Your task: Take the lines below from the one with "Cheerful students with" through the one with "fröhliche afrikanisch-amerikanische Menschen" and print only them, exactly. Don't print the pictures.

=== Extracted material ===

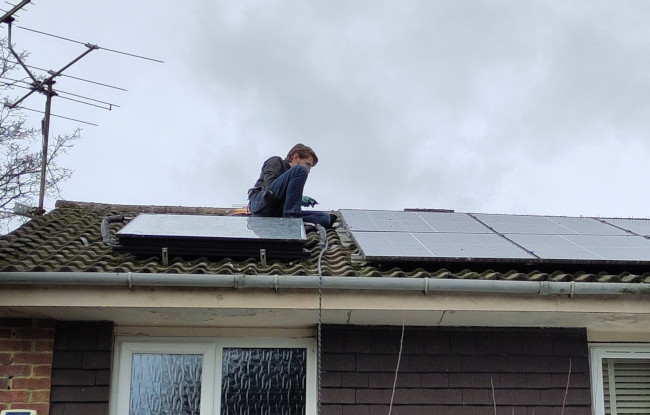 Attaching mesh to PV solar panels on a home with a water heater panel also installed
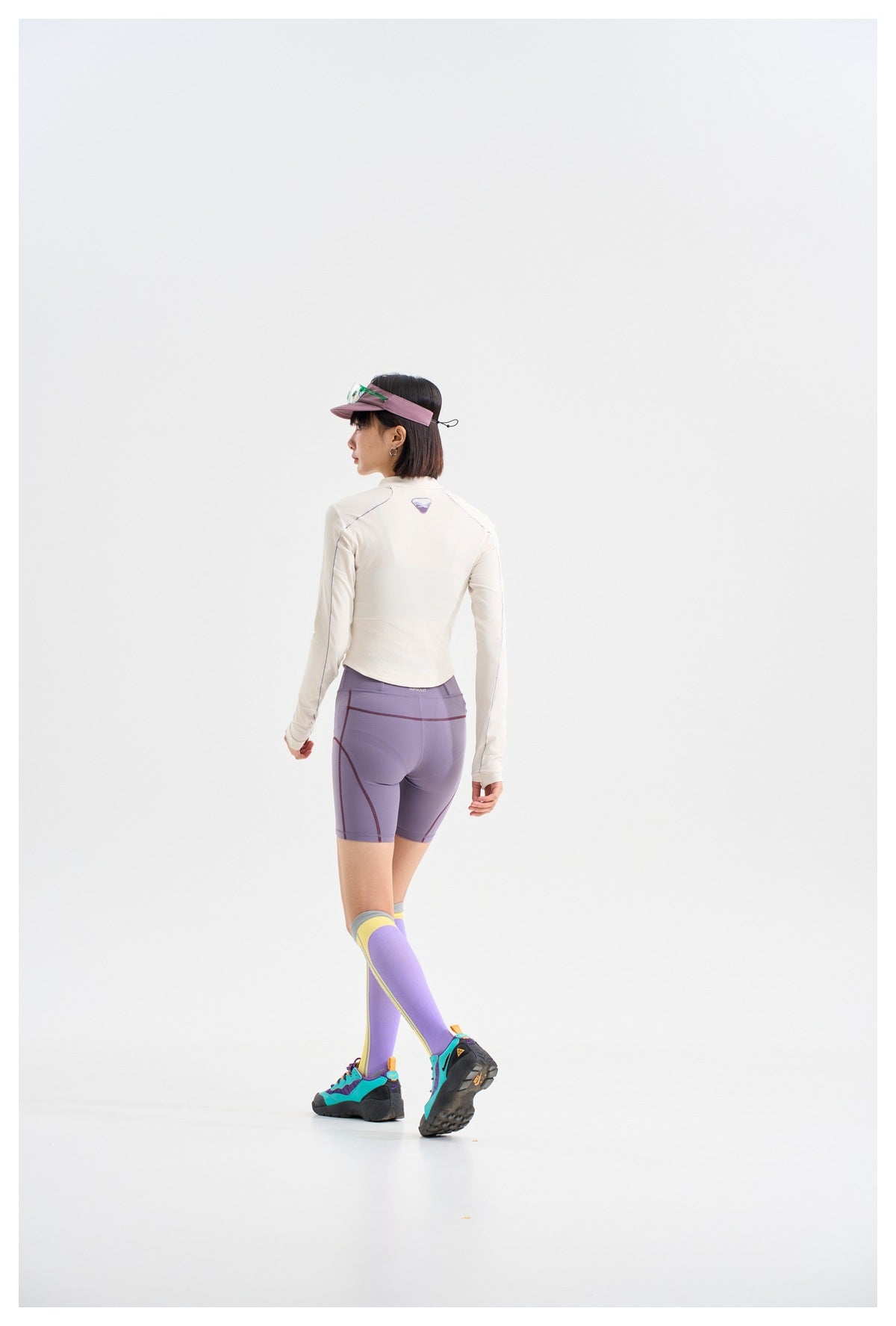 Rear view of a model wearing a white long-sleeve top, lavender cycling shorts, and color-block knee-high socks.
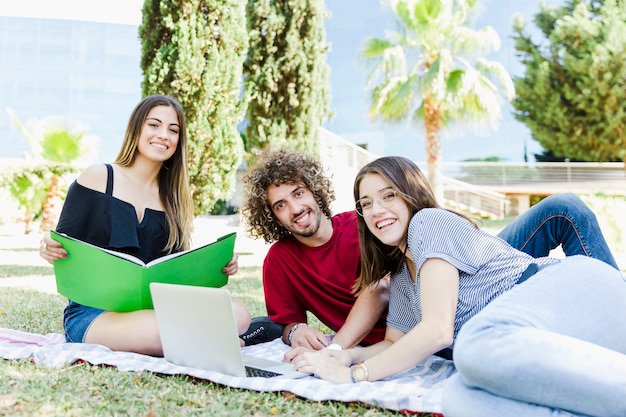 Cheerful students with textbook and modern laptop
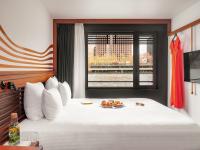 a bedroom with a white bed with a window at Hotel OFF Paris Seine in Paris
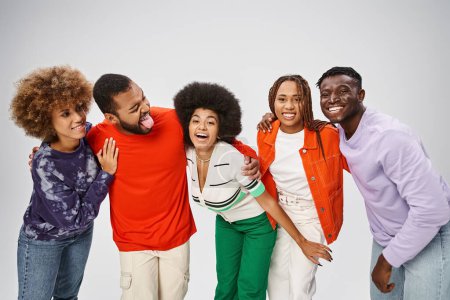 fröhliche afrikanisch-amerikanische Menschen in farbenfroher Freizeitkleidung, die gemeinsam Spaß auf grauem Hintergrund haben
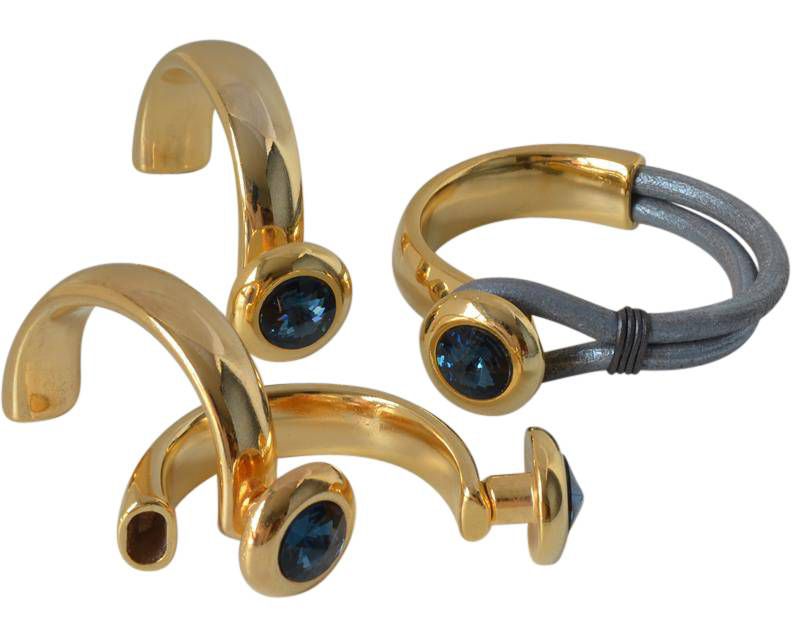 Zamak/Swarovski. Half bracelet. Coin 20mm. Gold-Montana. Inn.10x5mm.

===

Exercise output:
 Cheerful students with textbook and modern laptop
 a bedroom with a white bed with a window at Hotel OFF Paris Seine in Paris
 fröhliche afrikanisch-amerikanische Menschen in farbenfroher Freizeitkleidung, die gemeinsam Spaß auf grauem Hintergrund haben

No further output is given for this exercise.